This Inca Idol Survived the Spanish Conquest. 500 Years Later, Archaeologists Are Unveiling Its History
A new analysis suggests the Pachacamac Idol, once thought destroyed, is probably older—and less bloody—than once believed
As the year 1533 drew to a close, Spanish conquistador Hernando Pizarro departed Peru, full to bursting with stories of the wonders he had seen. The Inca Empire, he explained to his comrades and superiors, had readily succumbed to the four Pizarro brothers and their forces. Along the way, the Spaniards had attacked the locals, imprisoned their leaders, looted Inca valuables and desecrated places of worship.
One sacred casualty, Pizarro boasted, was an 8-foot-tall wooden idol, intricately carved with human figures and animals, once housed in the Painted Temple near what is now Lima. The Inca revered the idol, which represented one of their most important deities, as an oracle.

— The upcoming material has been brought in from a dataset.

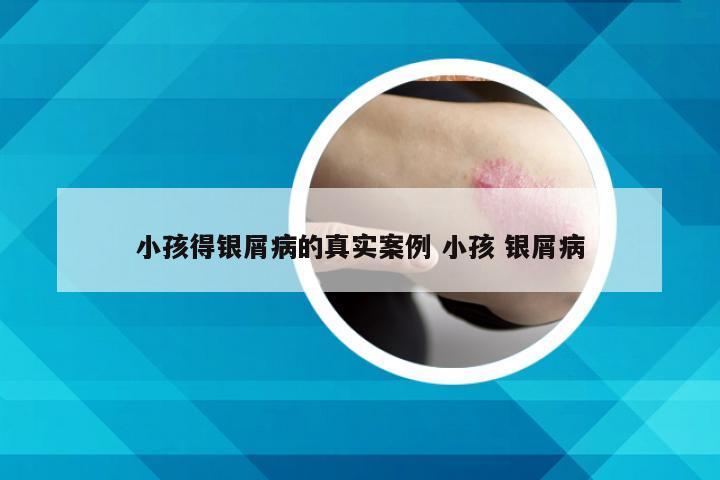 小孩得银屑病的真实案例 小孩 银屑病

But Pizarro quickly linked the artifact to apparent “devil” worship and ordered his followers to “undo the vault where the idol was and break him in front of everyone.”
Shortly after, Western records of the artifact dwindled, and the so-called Pachacamac Idol was presumed destroyed, as Pizarro had planned.

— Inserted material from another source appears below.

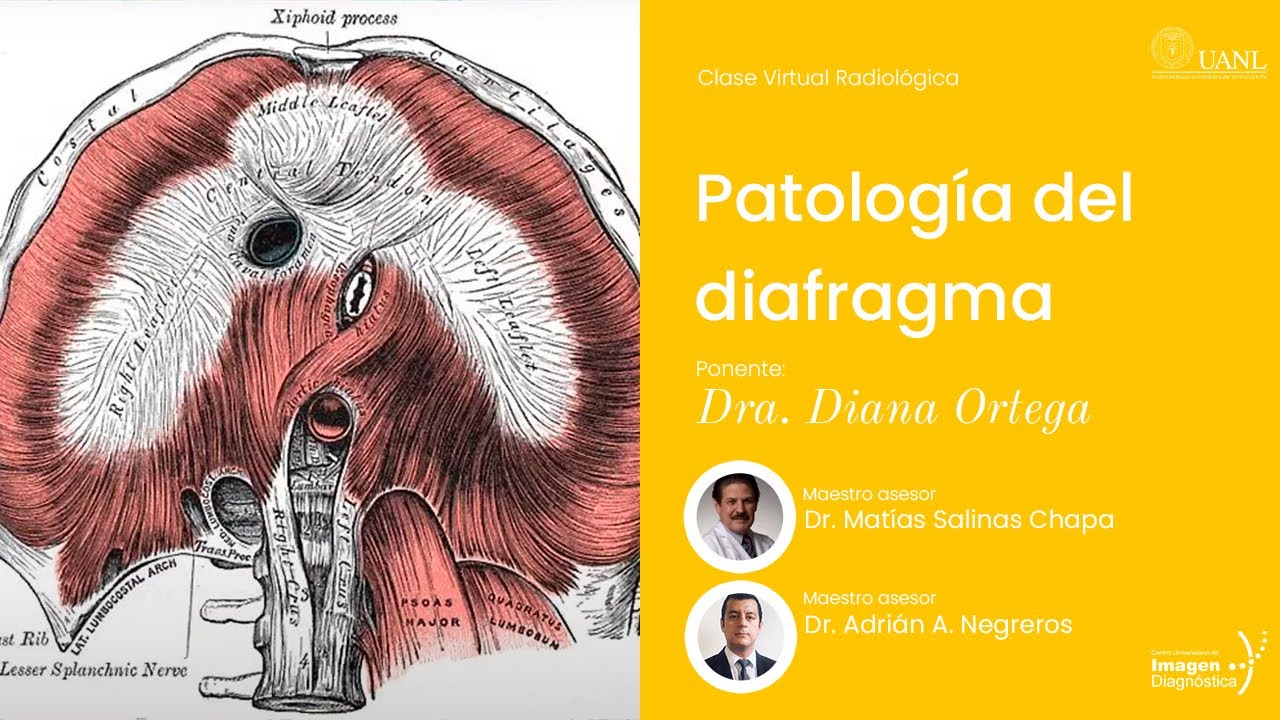 Patología del diafragma por la Dra. Diana Ortega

Now, new research suggests the idol actually survived the Spanish conquest—and has been in the hands of archaeologists for the past 82 years, reports Laura Geggel for Live Science. Writing in a study published yesterday in the journal PLOS ONE, a team of researchers presents evidence suggesting that a Peruvian artifact first unearthed in 1938 is the original idol, not a later forgery as some suspected.
Scientists led by Marcela Sepúlveda, an archaeologist at the University of Tarapacá in Chile, decided to settle the debate once and for all. After taking a small sample of wood from the idol, she and her colleagues chemically analyzed it. Then, they stumbled across their first surprise: The material dated to roughly 800 A.D., during the time of the pre-Inca Wari people and a good 700 years before Pizarro’s arrival.
Significant effort must have gone into preserving and caring for the idol over the course of the centuries, even as it presumably changed hands, according to Aristos Georgiou of Newsweek.
A Wari influence in the idol’s creation might also explain its unusual coloring—a combination of reds, whites and yellows, the researchers found. The rustier hues were the result of cinnabar, a mercury-based pigment found on other Wari artifacts. Artists likely had to travel to secure the pigment, underscoring just how valuable the idol was to its creators, says Patrick Ryan Williams, an anthropologist at Chicago’s Field Museum who wasn’t involved in the study, to Geggel.
The discovery of cinnabar also helps put another false rumor to rest: that the idol’s red hues were traces of blood, Sepúlveda tells Georgiou.
That the idol’s coloring survived this long is perhaps another testament to its preservation. Certainly the Wari considered the task well worth the effort: As Sepúlveda explains, the idol may have represented the creator of the Earth—a deity of so much importance that even the Inca emperor once paid the Painted Temple a visit.